Halberstadt (sbr) l Der Beginn der Partie war geprägt vom gegenseitigen Abtasten beider Mannschaften. Die Abwehr des HT stand zunächst sicher. Die so erarbeiteten Konter wurden aber nicht genutzt, die Bälle durch Abspielfehler leichtfertig hergegeben. Aber Blankenburg schlug kein Kapital aus den Fehlern der Gäste.

Nach zehn Minuten stand es 4:1 für den HT. Im Angriff war der Sieben anzumerken, dass sie in dieser Konstellation noch nicht gespielt hatte. Stober versuchte seine Mitspieler ins Spiel zu bringen. Torsten Reuner und Liebscher nutzten die Lücken am Besten. In dieser Phase verletzte sich Schober und Trainer Olaf Feldheim musste die Angriffsformation auf zwei Kreisläufer umstellen. Über die Stationen 5:9 und 7:12 setzte sich der HT, ohne jedoch Ruhe in sein Spiel zu bekommen, etwas ab.

Jedoch wurden weiterhin leichtfertig Angriffe vergeben und die Abwehr stand nicht mehr so sicher wie zu Beginn. Immer wieder gelang es deshalb den Gastgebern, über die Mitte abzuschließen. Somit verkürzte Blankenburg zur Halbzeit auf 13:15.

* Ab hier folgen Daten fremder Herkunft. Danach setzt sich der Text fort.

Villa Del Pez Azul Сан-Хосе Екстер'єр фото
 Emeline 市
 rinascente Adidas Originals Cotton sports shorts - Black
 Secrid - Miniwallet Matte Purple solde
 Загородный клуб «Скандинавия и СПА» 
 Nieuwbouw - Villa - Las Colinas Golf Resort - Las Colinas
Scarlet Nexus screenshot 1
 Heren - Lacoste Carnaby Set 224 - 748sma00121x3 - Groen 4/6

Die zweite Hälfte begann der HT, wie er in der ersten aufgehört hatte - mit behäbigem Angriffsspiel und keiner Aggressivität in der Abwehr. Nur der Abschlussschwäche der Blankenburger und dem gut aufgelegten HT-Torwart Pesenecker war es zu verdanken, dass sie nicht näher herankamen. Der HT hielt den Abstand von drei Toren bis zur Hälfte der zweiten Halbzeit (16:19, 22:25).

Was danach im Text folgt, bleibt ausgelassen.